The Daily Outrage

The CCR blog

War Is Not the Answer

Last week’s terrorist attacks in Beirut and Paris left 172 people dead, hundreds more injured, and the world reeling in grief and recoiling in horror. The carnage in Beirut drew little Western media attention or sympathy – indeed, the New York Times impugned the innocence of the civilian victims by describing the target as a “Hezbollah stronghold” – proving once again that for Americans and Europeans white lives matter, others not so much. Meanwhile, the Paris attacks have set in motion an all-too-familiar set of responses from government officials, fear-mongering politicians, and opportunists in what media critic Jim Naureckas has aptly described as “the weaponization of grief.”

Terrorism is once again being conflated with Islam: In the U.S. there are calls to shut down mosques, increased threats and violence against Muslims, and vows by a majority of U.S. governors to refuse to take Syrian refugees. That the refugees are fleeing the same violence that has now briefly been visited upon a Western capital is totally lost on people who cannot see beyond their prejudice to actual people suffering and desperate to escape slaughter.

France, meanwhile, has already made good on its pledge to retaliate “pitilessly” by bombing the city of Raqqa, with assistance from the U.S., and has implemented a state of emergency. French Muslims say the backlash against them “started right away.”

We have been down this road before, and we already know that military responses, restrictions of democratic rights, and hostility and discrimination against Muslims do not stop terrorism. Rather, they provide the perfect breeding ground for terrorism. Indeed, the bitterest of ironies is that the Paris and Beirut attacks by ISIS are, in some respects, the fruit of the U.S.’s response to 9/11, including the disastrous Iraq war.

I have written about this before. On the 10th anniversary of 9/11, I reflected on how the U.S. militaristic response to the attacks did more to erode our core democratic principles than it did to keep us safe. The most painful political truth, I observed, about the decade (now decade and a half) following 9/11 is that it represents a severe undoing of our democracy such that the values which defined us before that date may never be regained.

Everything about the aftermath of 9/11 counsels us to avoid seeking vengeance through wanton military responses abroad and militarized policies at home. Our experience has shown that sending troops, drones, and missiles to wage war on terrorist groups in the end only strengthens the resolve of those groups at the same time that it weakens the resolve domestically to be at war with the world. It is a strategy that simply cannot be successful.

Military responses are incompatible with the values of democracy. Sending troops means bringing home body bags. Dropping bombs means killing civilians, and ultimately far more civilians than military targets. Waging war means creating desperate refugee populations with no safe place to go.

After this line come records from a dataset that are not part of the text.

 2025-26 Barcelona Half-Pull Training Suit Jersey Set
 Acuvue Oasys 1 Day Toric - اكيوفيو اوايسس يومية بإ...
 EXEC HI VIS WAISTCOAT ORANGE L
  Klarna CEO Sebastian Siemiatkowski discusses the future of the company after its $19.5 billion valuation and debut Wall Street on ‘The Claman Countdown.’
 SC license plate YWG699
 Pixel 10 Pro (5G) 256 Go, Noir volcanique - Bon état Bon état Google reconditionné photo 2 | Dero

Domestically the very construction of the concept of “terrorism” is one that is easily manipulated by the government to enhance and abuse its power. The U.S. “War on Terror” has led to a host of secret government actions, mass surveillance, targeted surveillance of Muslim communities and progressive groups, immigration abuses, and let’s not forget indefinite detention without charge or trial and the systemic use of torture. Along with these, it has also led to the jailing and teargassing of protesters, and cracking down on people who disagree with any or all of the above actions as well as journalists that try to expose them.

“The biggest danger terrorism poses to our society comes not from the direct harm inflicted,” Paul Krugman wrote on Monday, “but from the wrong-headed responses it can inspire.” The world we live in today is a testament to the truth of this statement, as are the current actions of the French and U.S. governments.